Whatever his rhetoric, Lee is not a champion of the working class. He and his Democratic Party are conscious of workers’ growing anger, not just towards workplace accidents, but to stagnant wages, rising prices, and an overall decline in social conditions. The goal of Lee and the Democrats, with the aid of the KCTU, is to block any movement against the attacks on the working class in order to protect big business.
That the government and trade unions are doing nothing to prevent workplace deaths becomes even clearer given that Thursday’s disaster was the second deadly accident last week. Last Wednesday, one worker was killed and three more injured in a toxic gas leak at the factory of steel-manufacturer POSCO in Pohang, located near Ulsan. The four workers involved were also subcontract workers.

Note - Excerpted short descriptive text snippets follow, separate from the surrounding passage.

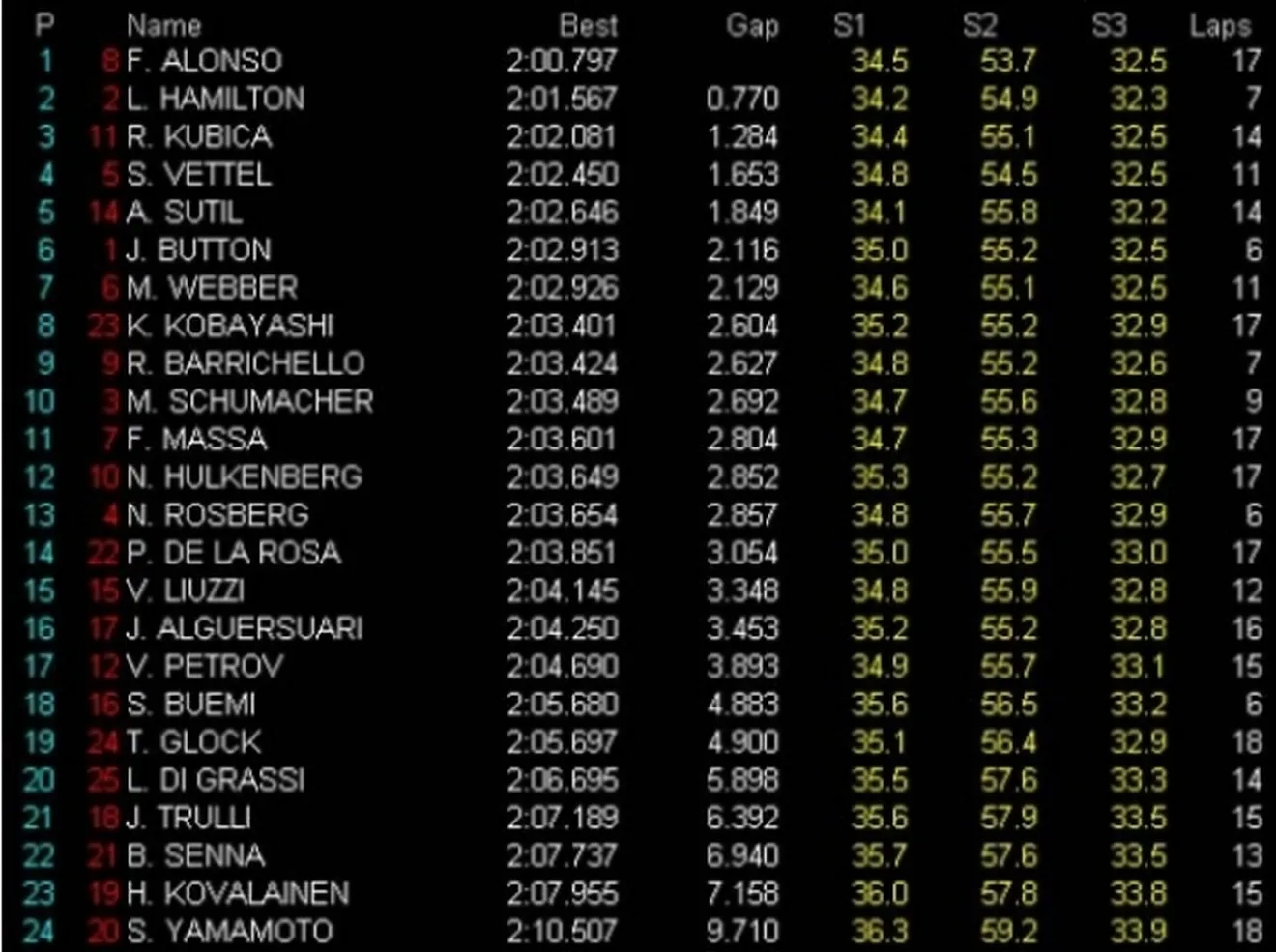 GP Bélgica, libres 1: Alonso el más rápido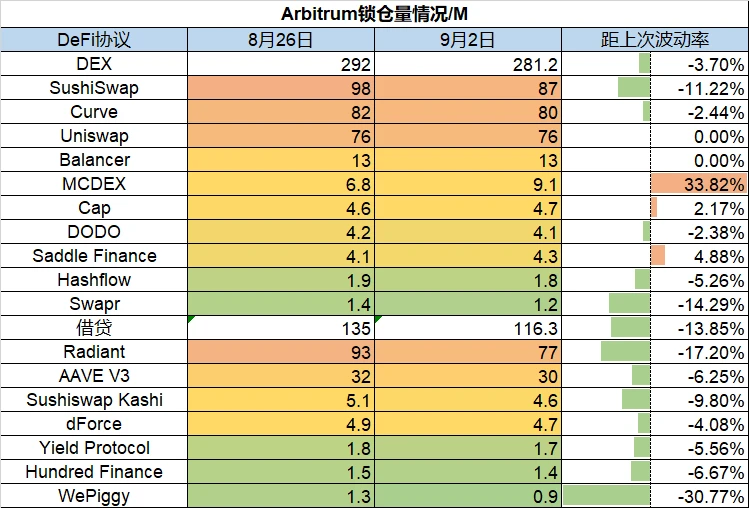 Foresight Ventures市场周报：市场多空博弈，meme币崛起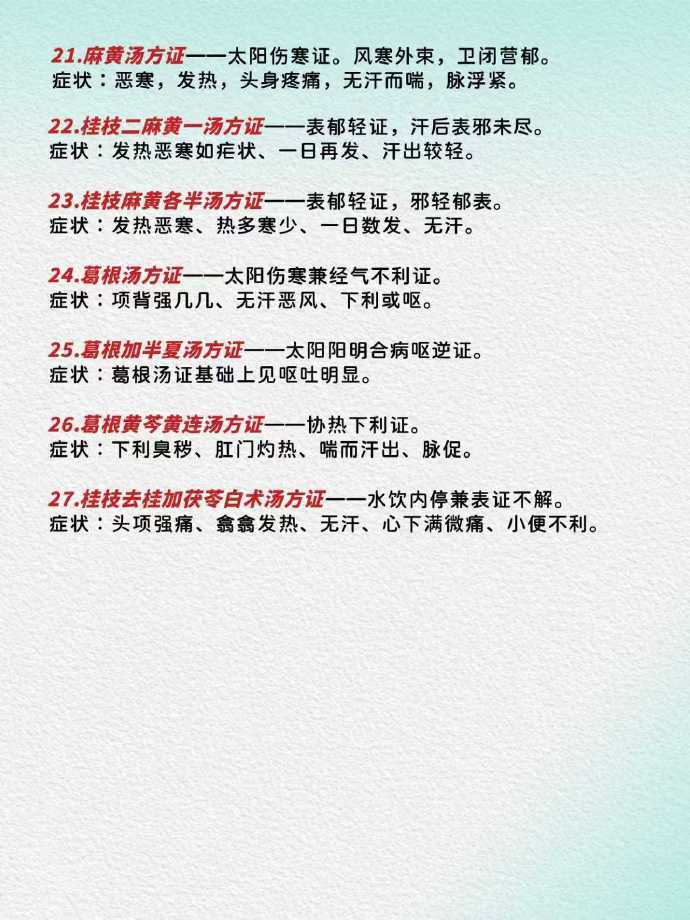 《伤寒论》经方超全整理！ （仅供参考）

The four workers were preparing equipment on a production line for repairs when they inhaled the toxic gas, believed to be gaseous hydrogen chloride or nitric acid. The exact substance and the cause of the leak is under investigation. Firefighters responding to the accident reportedly stated that a pipeline carrying the substance had become disconnected.
The POSCO conglomerate and its subsidiaries have a long history of industrial accidents. A worker from Myanmar at POSCO E&C, a construction company, was injured in August after being electrocuted on a highway construction site. In July, a worker was killed at POSCO E&C after being trapped by a drilling machine at a separate highway construction site. This was the fourth worker killed at the company this year. In November and December 2020, five workers were killed in three separate accidents at a POSCO steel plant in Gwangyang, South Jeolla province.
After the July incident this year, the POSCO Group claimed that it would launch a “safety task force” to supposedly strengthen safety measures at all of its various subsidiaries. As the deaths and injuries that occurred last week show, such claims by big business or the government are not worth the paper they are printed on.